INPUT DATA →
- Opening Delimiter -
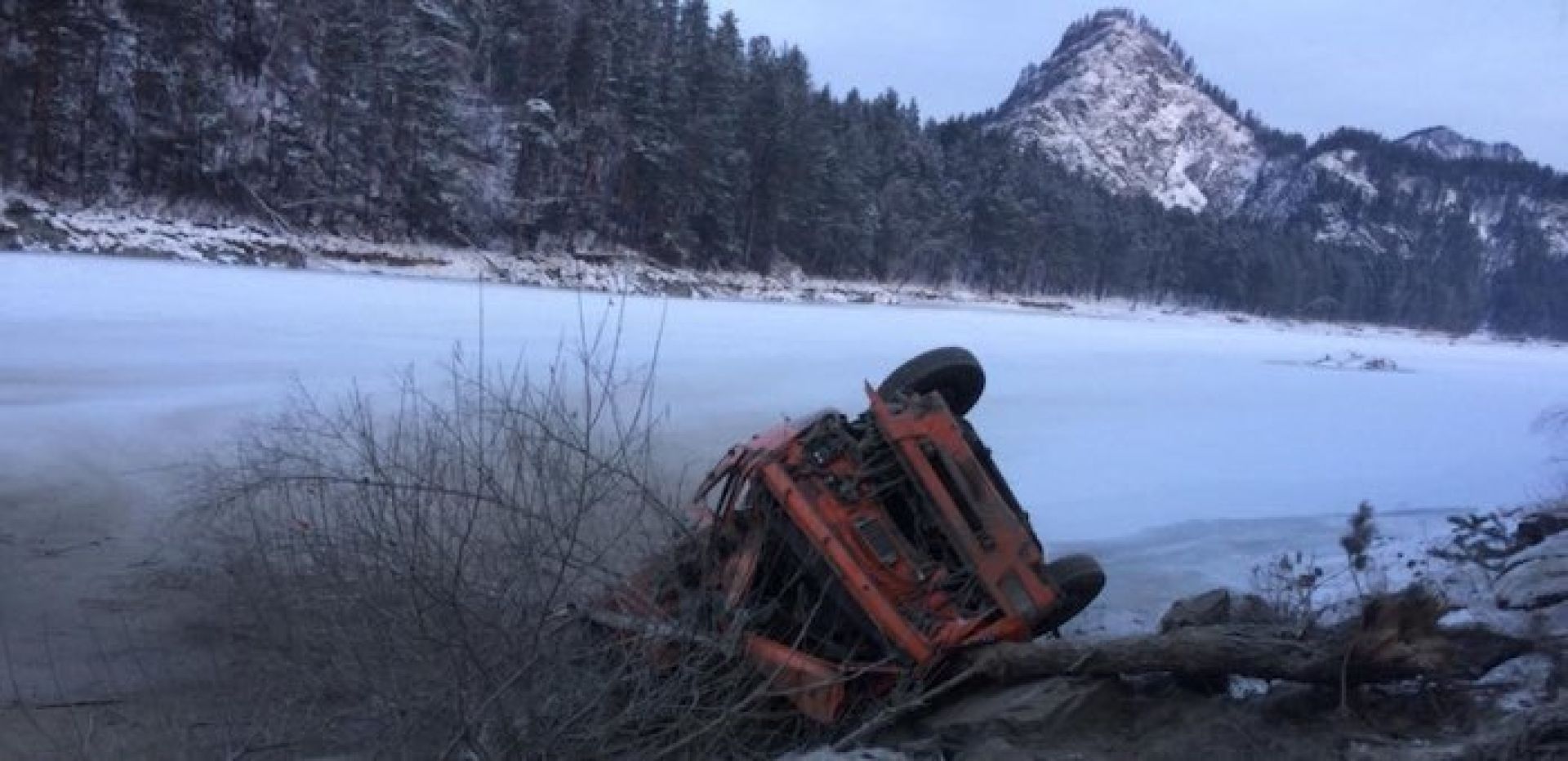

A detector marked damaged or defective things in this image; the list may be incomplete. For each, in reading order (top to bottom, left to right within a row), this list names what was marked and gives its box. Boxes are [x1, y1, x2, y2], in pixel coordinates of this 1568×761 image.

overturned orange truck [595, 346, 1103, 721]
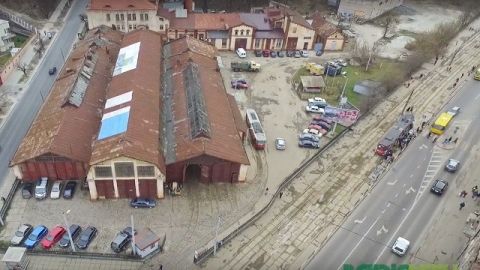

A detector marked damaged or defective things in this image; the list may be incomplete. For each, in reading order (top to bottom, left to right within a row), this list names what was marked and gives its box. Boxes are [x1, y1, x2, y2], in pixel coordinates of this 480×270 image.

rusty red roof [10, 28, 124, 167]
rusty red roof [89, 29, 165, 171]
rusty red roof [163, 36, 249, 165]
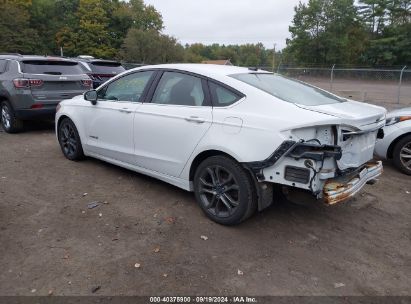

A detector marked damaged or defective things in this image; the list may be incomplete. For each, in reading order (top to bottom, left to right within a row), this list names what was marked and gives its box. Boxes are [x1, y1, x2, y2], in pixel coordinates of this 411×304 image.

exposed wheel well [390, 131, 411, 159]
exposed wheel well [190, 150, 238, 182]
damaged rear bumper [324, 160, 384, 205]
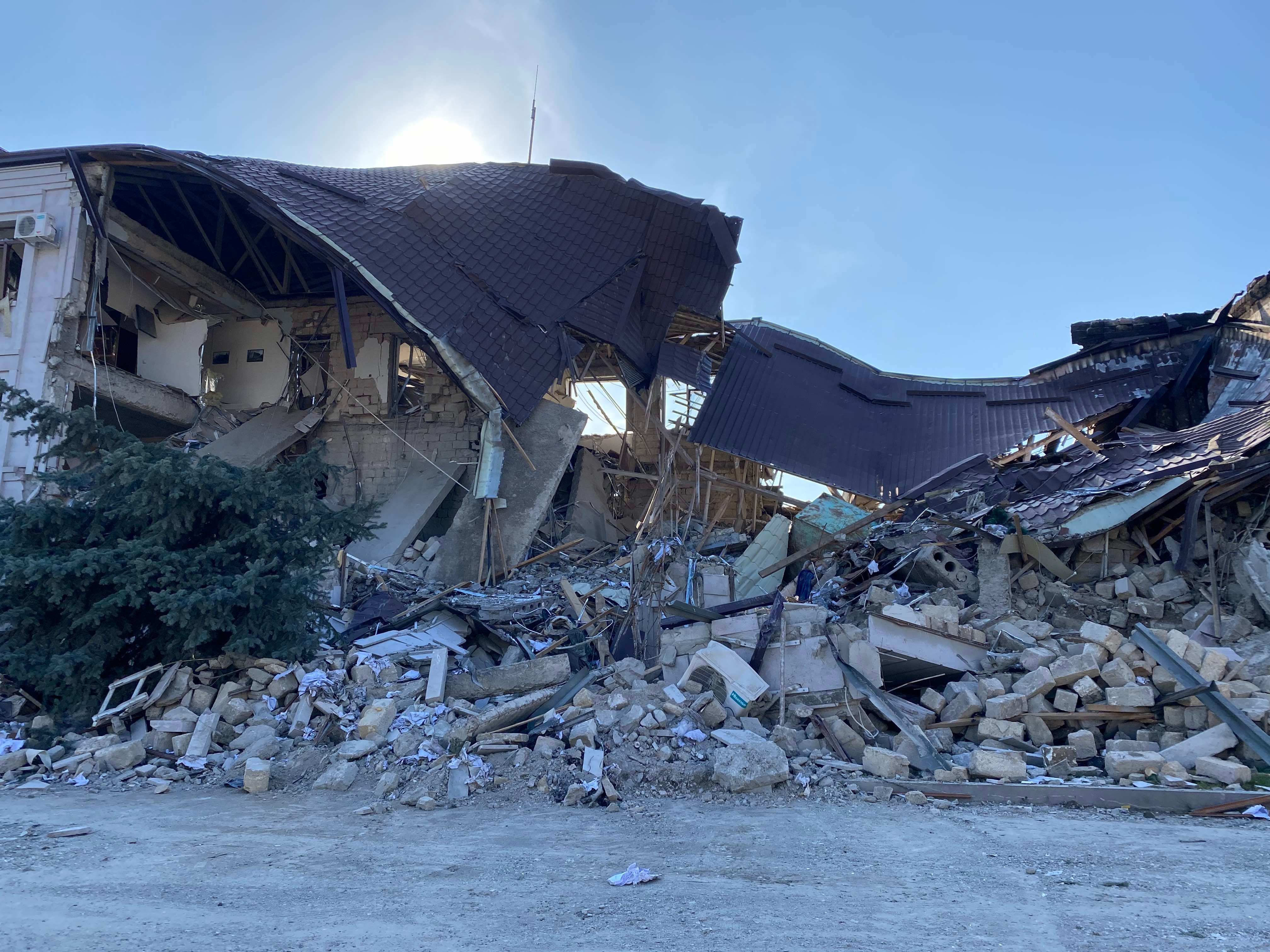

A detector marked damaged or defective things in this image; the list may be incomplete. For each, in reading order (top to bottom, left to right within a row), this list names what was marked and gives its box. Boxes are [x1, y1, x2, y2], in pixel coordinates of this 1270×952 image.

broken balcony slab [195, 404, 328, 469]
broken balcony slab [345, 462, 465, 566]
broken concrete slab [348, 462, 462, 566]
broken balcony slab [424, 396, 586, 586]
broken concrete slab [426, 399, 584, 586]
shattered masonry [2, 145, 1270, 817]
- Closing Delimiter -
DIRECTIONS →
Could you retype exactly the lines above from the one containing "this 1270×952 image." through the last line of the records, both included, and nothing else?

WRITTEN SOLUTION →
A detector marked damaged or defective things in this image; the list may be incomplete. For each, in reading order (top to bottom, left to right within a row), this list names what was marked and gives its box. Boxes are [x1, y1, x2, y2], in pixel coordinates of this 1270×952 image.

broken balcony slab [195, 404, 328, 469]
broken balcony slab [345, 462, 465, 566]
broken concrete slab [348, 462, 462, 566]
broken balcony slab [424, 396, 586, 586]
broken concrete slab [426, 399, 584, 586]
shattered masonry [2, 145, 1270, 817]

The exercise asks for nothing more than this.